Good luck with that, that's advanced chemistry.

Göran


----------



## HDTVinc (Oct 18, 2016)

Thanks.

I am fairly sure that this process should work with HCl acid and H2O2. This will produce HAuCl4, which contains an Au3+ ion, which then gets reduced by the electrons from the glow discharge. The resulting Au2+ isn't very stable, so it auto dissociates into Au3+ and Au+. Au3+ gets cycled again, and Au+ is reduced again to produce elemental gold. 

I cant use Nitric for this process, because once the gold falls out of solution, it would essentially just react with the AR and I would be back where I started, but i'm thinking that as long as I allow the H2O2 to evaporate off, I shouldn't have this problem. 

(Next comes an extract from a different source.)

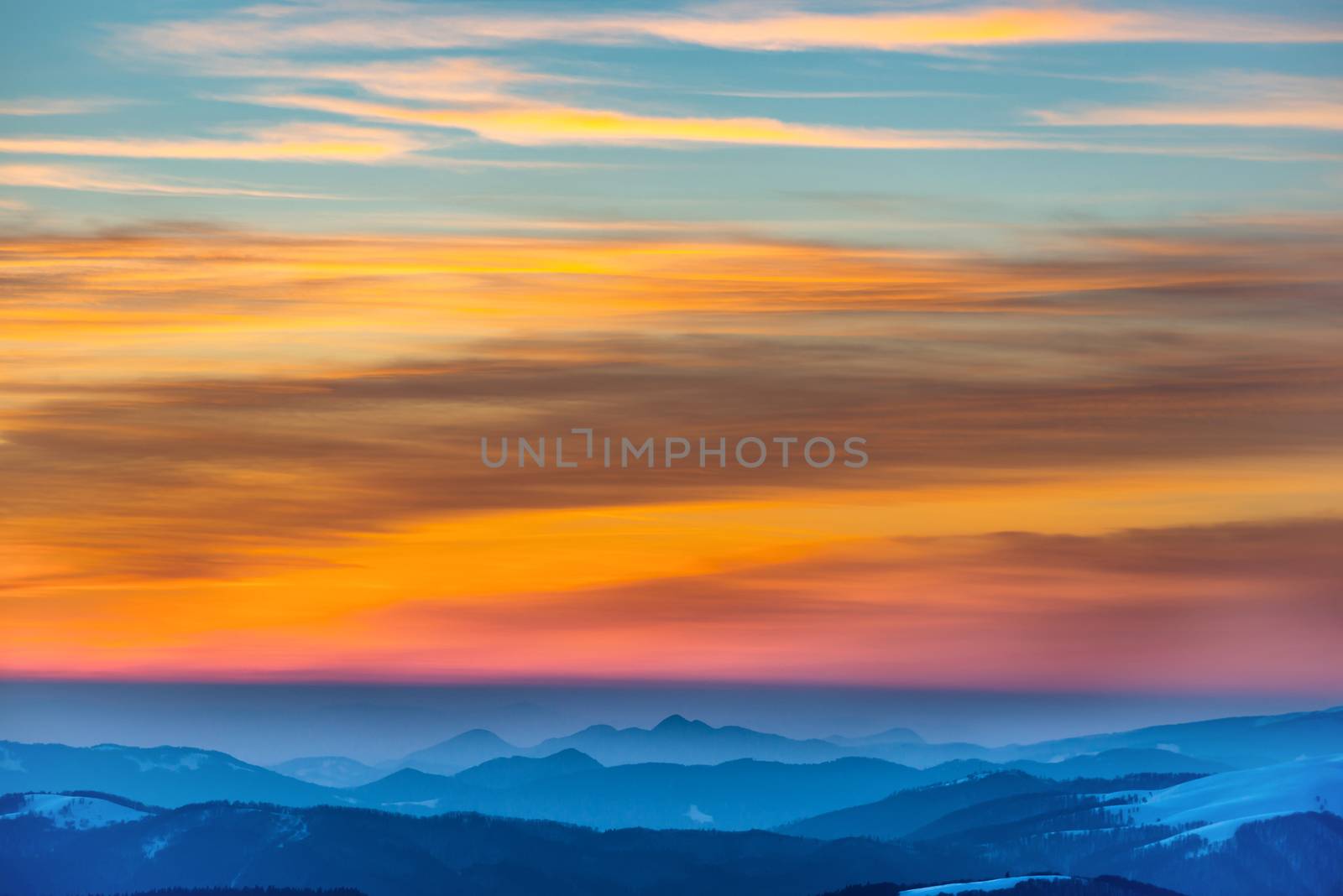 Sunset in winter mountains by vapi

I am thinking about putting crushed up bits of IC chips gold fingers all in one large container, taking care to remove as much non-metalic bits as I can along the way, and dissolving all of the metal content in HCl and H2O2. I will have to replinish the H2O2 a few times, but that should get the job done hopefully. I know that HCl and H2O2 are NEVER used on raw e-scrap, because you would generally need to remove the copper and what not from the scrap before you tackle the gold, but the beauty of the glow discharge is that it is so selective in removing gold from the solution. 

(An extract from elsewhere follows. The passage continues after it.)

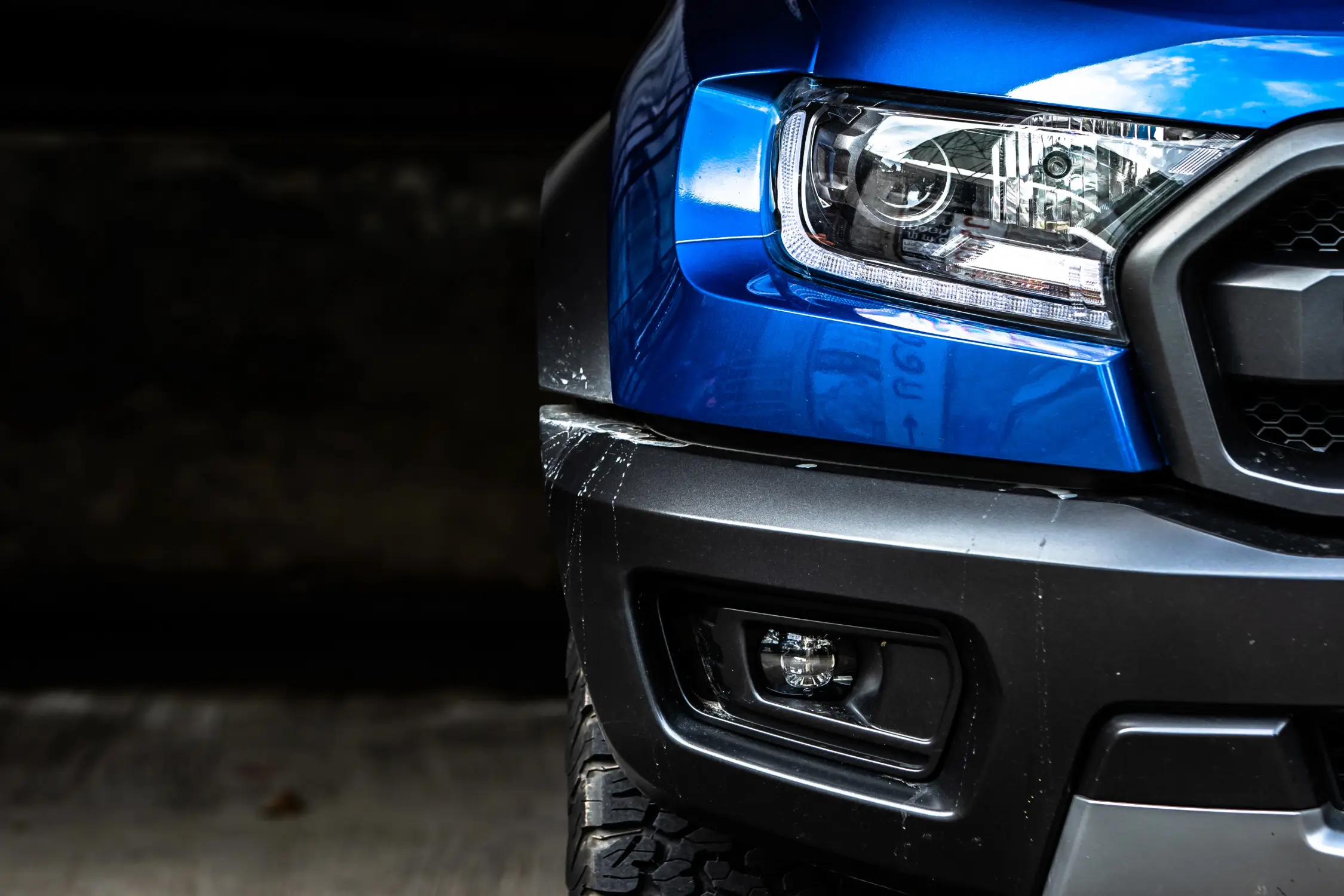 Close-up of a blue pickup truck front end showing headlight assembly, black grille, bumper, and fog light against a dark background.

Now all I have to do is get a vacuum pump, and figure out what gas to use.


----------



## mls26cwru (Oct 18, 2016)

what kind of vacuum are you looking to be operating at? Are you talking about RF plasma like used in plasma enhanced chemical vapor depositions? It almost sounds like you are describing an argon sputtering system.

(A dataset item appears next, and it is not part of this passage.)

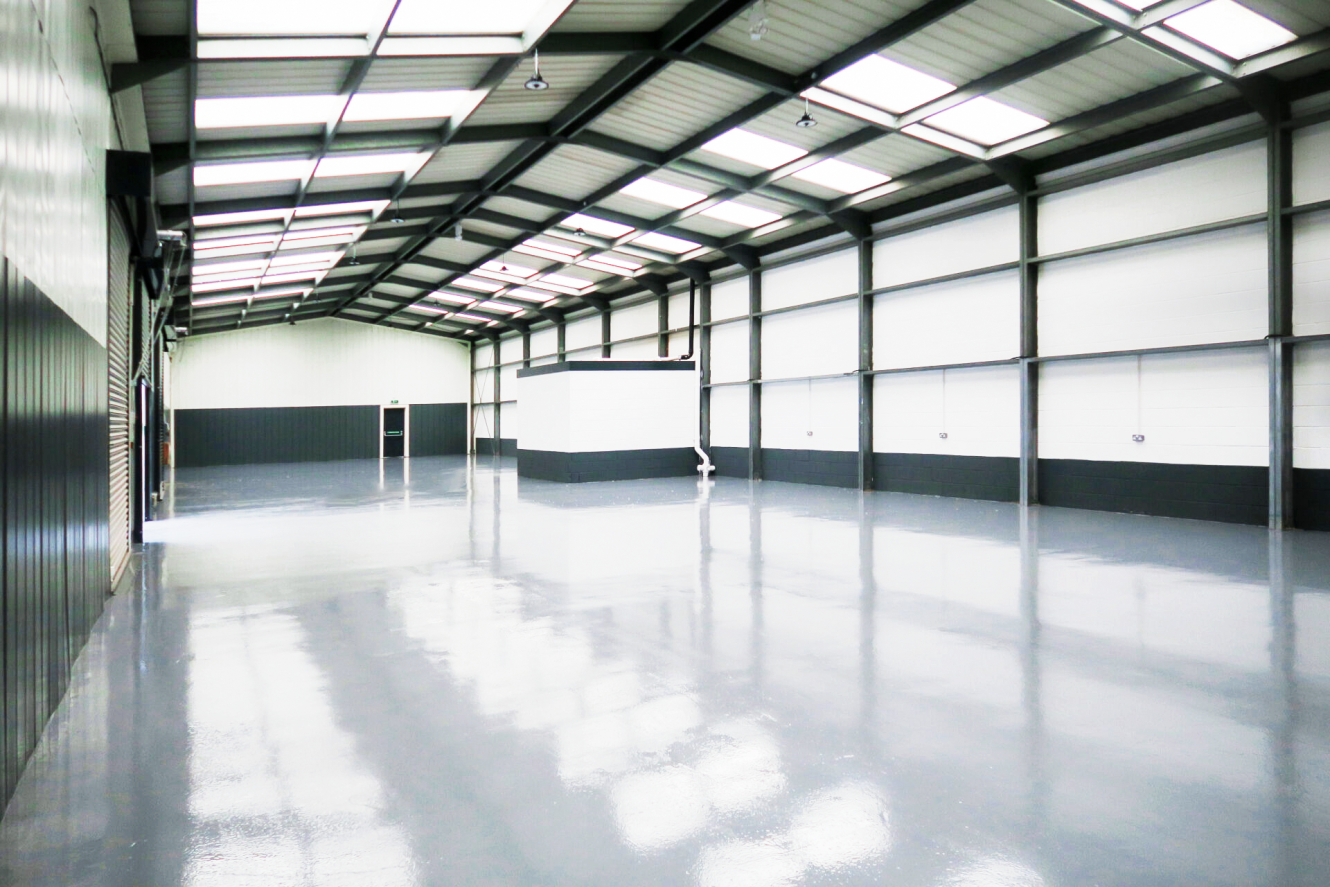 Interior of an empty, modern warehouse with polished concrete floors, high ceiling, skylights, and white and black walls.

If you are thinking about putting a liquid into those kind of low vacuums you are going to run into problems as you will boil off (rather violently) your solutions. RF Ar sputtering can be done at some higher pressures, but I know the higher the pressure you operate at, the higher the power output is needed the RF power supply, so you could be talking about some pretty heavy duty pieces of equipment.


----------



## HDTVinc (Oct 18, 2016)

I would only need a very small amount of suction to be on the vessel. Just enough to make the pressure within the tube less then ambient pressure. This helps with initiating glow discharge, rather than an arc being struck whenever power is supplied to the system. the current supplied to the vessel needs to be in the mA range, and the voltage should be in the 100V+ range. As far as i understand it, smaller particles are produced whenever the ratio of V/I is very high, so the higher the voltage, and the lower the amperage, the better the results should be. I would have to purge the system a few times in order for this to work, because i have a suspission that any nitrogen may be converted to a bit of NO and NO2 whenever the glow discharge is going. Im not 100% sure if the presence of nitrogen gas would do much, but it may reduce yields, as NO2 could get into solution and create small amounts of Nitric acid. 

I don't know much about the sputtering that you mentioned, but from what I found with a quick google search they a much different, however you may be able to combine the ideas of both in order to plate things with very small layers of gold which could be cool. 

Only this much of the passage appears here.